Il y a cependant, dans son attitude, quelques constantes. Tel qu’il le voit, le monde est impitoyable : y règnent seuls les rapports de force. Contre la « raison du plus fort » (le Loup et l’Agneau), les faibles ne peuvent rien, à moins d’être capables de contrebalancer la force par la ruse. Souvent, d’ailleurs, La Fontaine conçoit des situations redoublées, où un fort s’incline devant un plus faible mais plus adroit, et où ce dernier trouve à son tour son maître : cette structure complexe peut aussi bien montrer les apparences vaines des rapports de pouvoir (le Lion et le Moucheron) que des jeux où un trompeur est pris par un trompeur et demi (le Renard et la Cigogne). La vision n’est pas alors moins noire, mais elle a l’avantage de prêter à des effets comiques.

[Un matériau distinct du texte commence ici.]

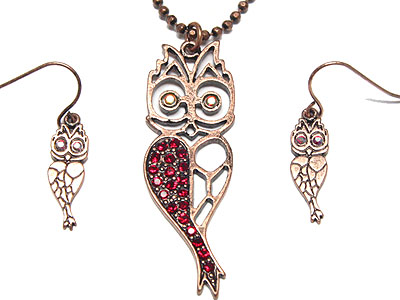 Crystal owl necklace and earring set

Sans cesse attaché à dénoncer les illusions de tous ordres, La Fontaine est proche de La Rochefoucauld, qu’il cite élogieusement (l’Homme et son image). Pourtant, on n’entend ni cri de révolte, ni plaintes de ressentiment. Parfois, le « je » omniprésent se laisse aller à la mélancolie (« Ai-je passé le temps d’aimer ? », les Deux Pigeons). Plus profondément, il laisse deviner le désir latent du « repos », d’une retraite en marge de ce monde violent, et parfois il l’avoue plus ouvertement (le Songe d’un habitant du Mogol, les Deux Amis). À défaut, il suggère de s’accommoder de son sort et de son état, en renonçant aux ambitions et aux chimères (le Berger et la Mer, la Laitière et le Pot au lait, le Savetier et le Financier).